Leaving out all pictures, write out word for word the lines from the one containing "KIA Spectra II" to the end of the data below.

-- EXTRACTED DATA follows --

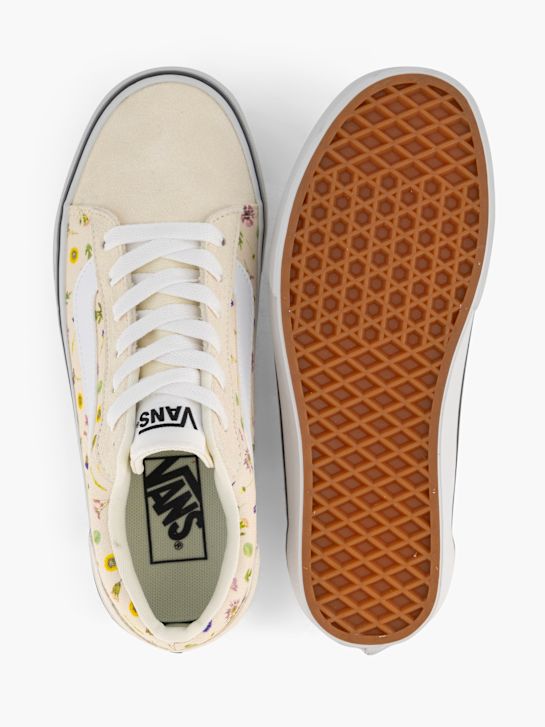 VANS Sneaker Giallo 126303 3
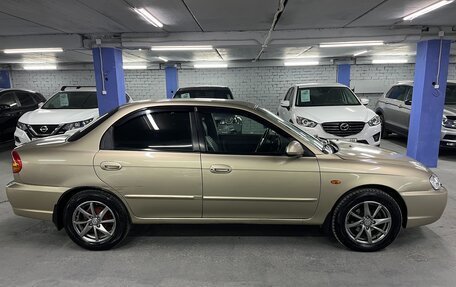 KIA Spectra II (LD), 2008 год, 299 000 рублей, 4 фотография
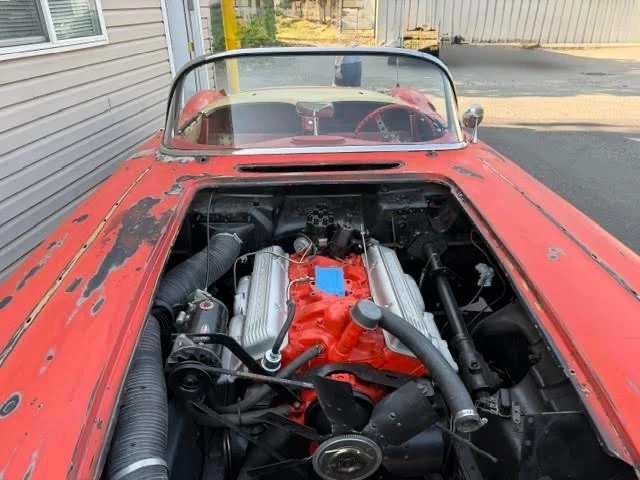 1960 Chevrolet Corvette C1 - Image 13 of 28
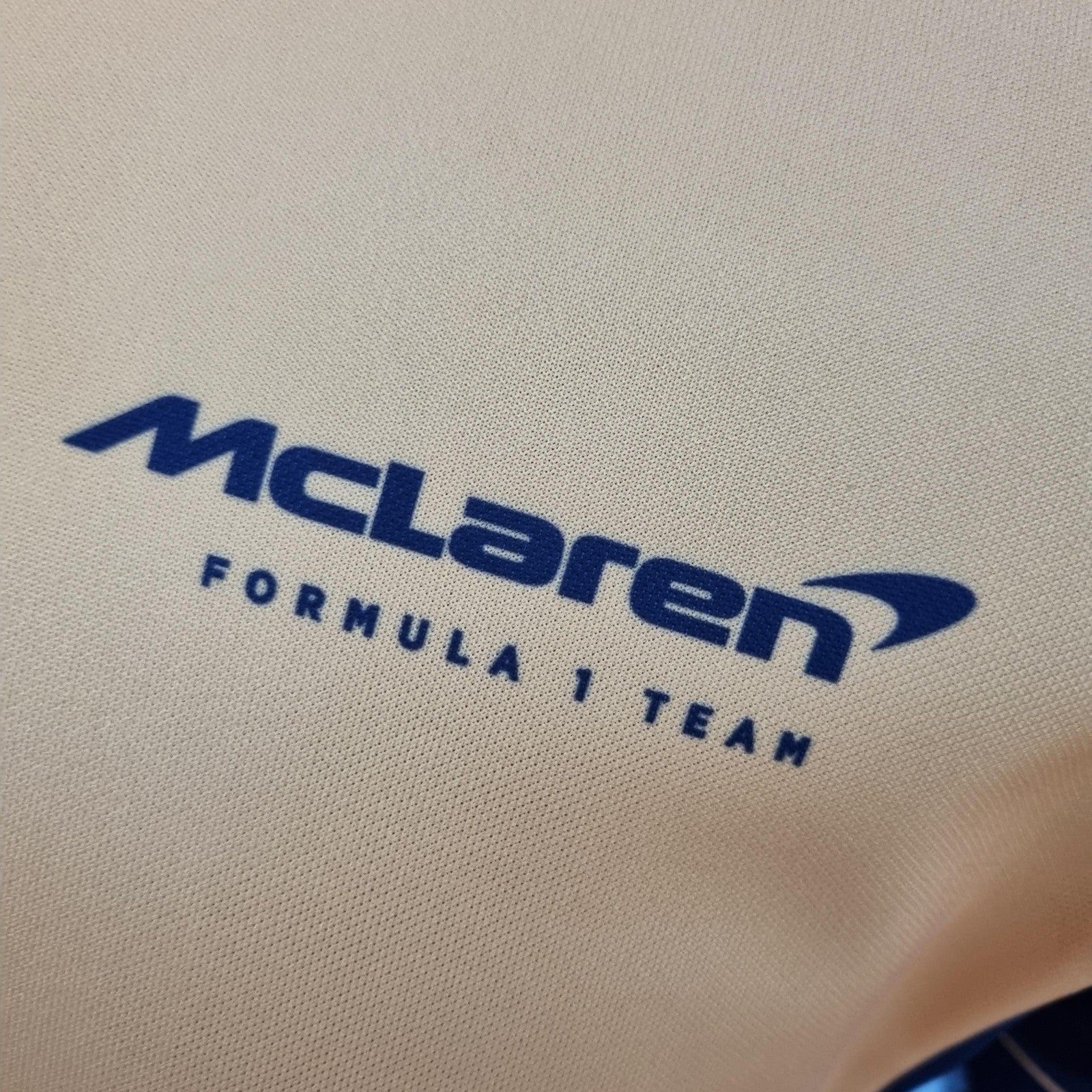 2022 F1 Formula One Mclaren Polo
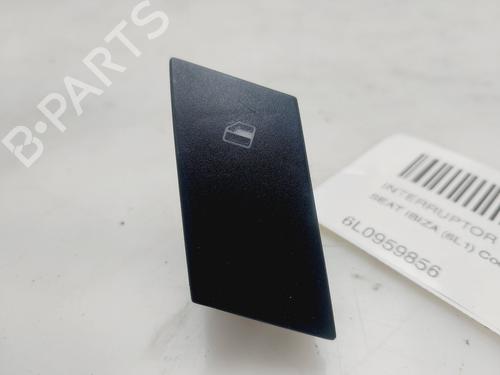 Used Right front window switch SEAT IBIZA III (6L1) [2002-2009]  24123868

-- EXTRACTED DATA concluded --

## EXERCISE SOLUTION
 KIA Spectra II (LD), 2008 год, 299 000 рублей, 4 фотография
 1960 Chevrolet Corvette C1 - Image 13 of 28
 2022 F1 Formula One Mclaren Polo
 Used Right front window switch SEAT IBIZA III (6L1) [2002-2009]  24123868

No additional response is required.